But the condors may soon be a victim of their own success. This week the U.S. Fish and Wildlife Service (FWS), the federal agency charged with protecting condors and other endangered species, announced a draft plan five years in the making to allow an energy company to kill a small number of condors at a southern California wind farm. To get the permit, which would apply only to condors killed incidentally (as opposed to intentionally), the company would have to fund efforts, costing millions of dollars, to both prevent condor-turbine collisions and ensure more condors are released to the wild.

The plan is not final, and the agency is seeking public opinion on the proposal through February 5, 2021. While it is almost certainly going to spark a firestorm among conservation advocates, the plan is also an acknowledgement of an uncomfortable truth: that conservationists’ goals—expanding renewable energy to address climate change and recovering endangered species—are not always in alignment. Indeed, the condors and wind turbines appear to be on a collision course.

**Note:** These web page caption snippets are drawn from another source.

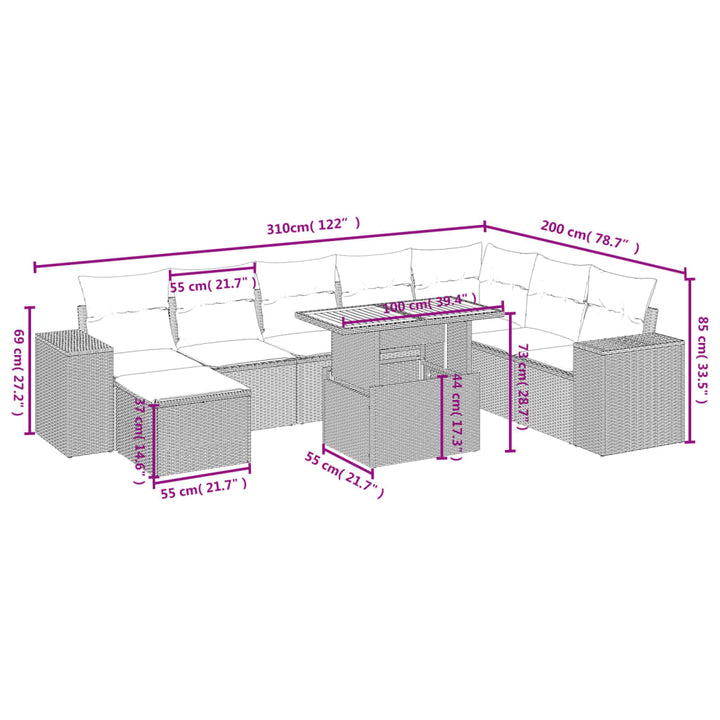 Soffgrupp För Trädgården Med Dynor 9 Delar Beige Konstrotting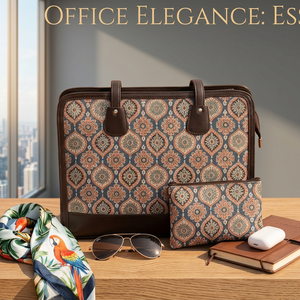 Custom Luxury Vintage Executive <b>Laptop</b> Tote Bag Jaipur Jacquard Woven Print Zipper Travel Office <b>Handbag</b> Pouch Leather Trim - Product Image 3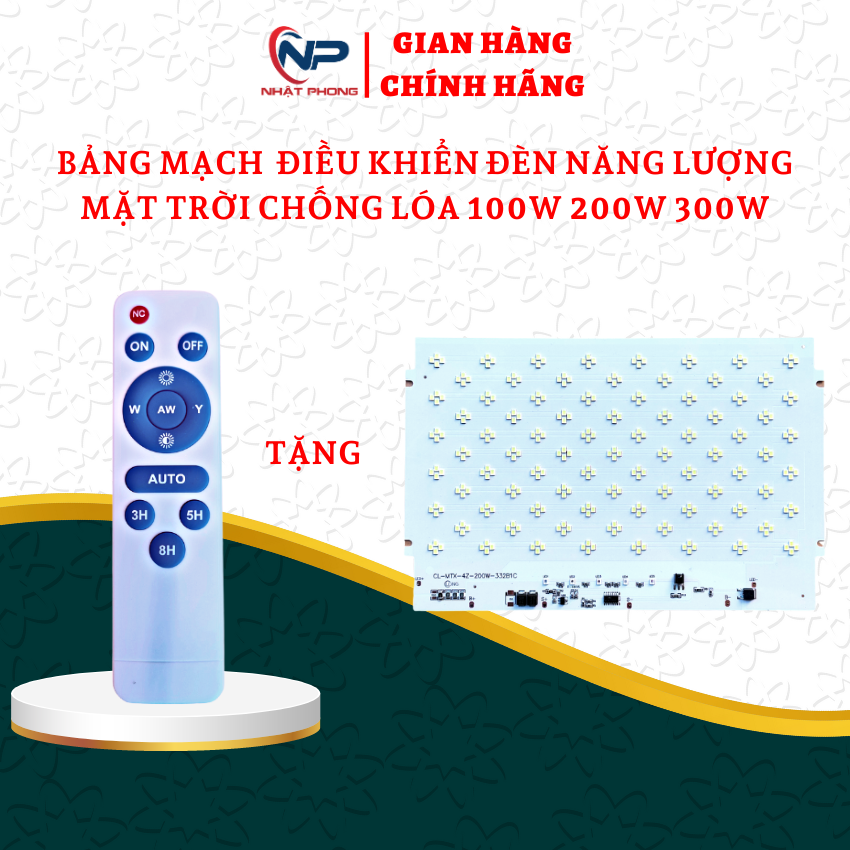 Mạch đèn năng lượng mặt trời CÓ BÁO PIN  dùng cho đèn CHỐNG LÓA 100W 200W 300W kèm điều khiển từ xa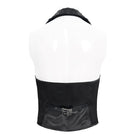 DEVIL FASHION Men's Gothic Jacquard Single-breasted Halterneck Vest Black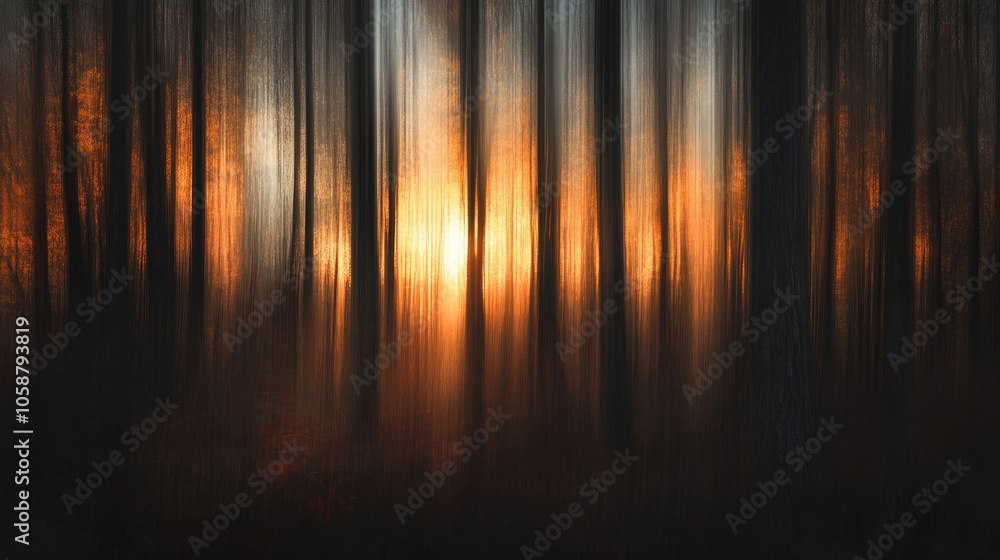 Abstract image capturing a dense forest bathed in warm sunlight during sunset. The dense forest creates a serene atmosphere, with ample copy space for creative use. Abstract image capturing a dense forest bathed in warm sunlight during sunset. The dense forest creates a serene atmosphere, with ample copy space for creative use.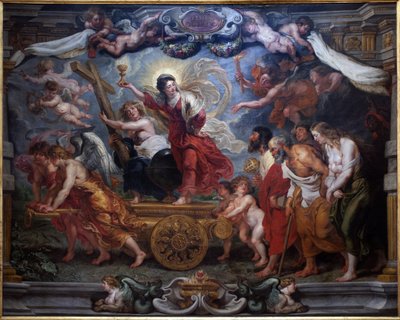Triumf wiary katolickiej. Alegoria triumfu Eucharystii nad naturą, nauką, filozofią i poezją. Kobieta osadzona na zbiorniku trzyma kielich z hostią, symbolem Eucharystii. Aniołowie trzymają symbole Męki Pańskiej: krzyż, koronę autorstwa Peter Paul Rubens
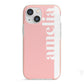 Pastel Pink Personalised Name iPhone 13 Mini TPU Impact Case with Pink Edges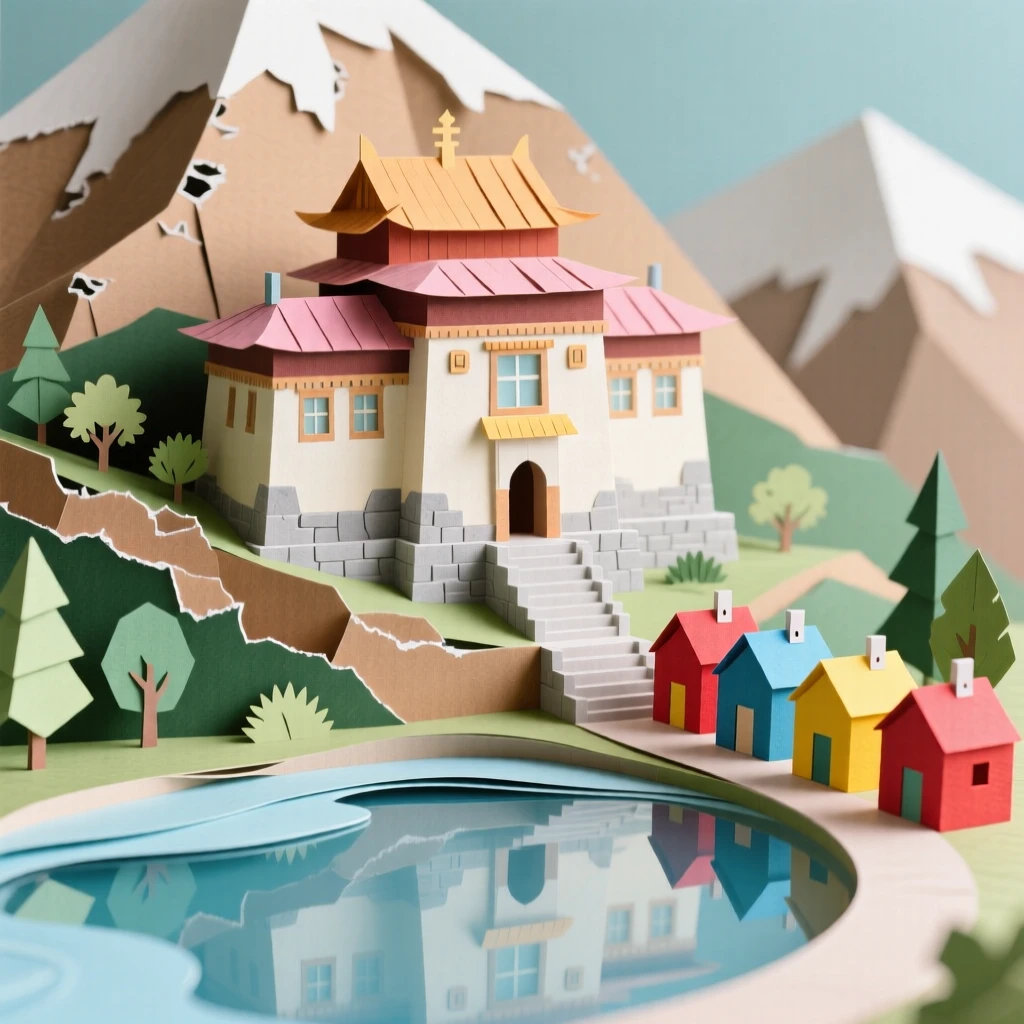 A grand mountain monastery reflecting soft colors in still water nearby, with colorful buildings lining the path, evoking quiet, timeless beauty.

California Condors once ranged across North America. But a bevy of human impacts, including shooting, poisoning, egg collecting, and lead poisoning from ammo, largely driven by European colonizers, squeezed the birds into a narrower and narrower range. FWS listed the species as federally endangered in 1967 and launched a captive-breeding program in 1982. By 1987, after the last wild California Condors were brought into captivity, the birds were extinct in the wild.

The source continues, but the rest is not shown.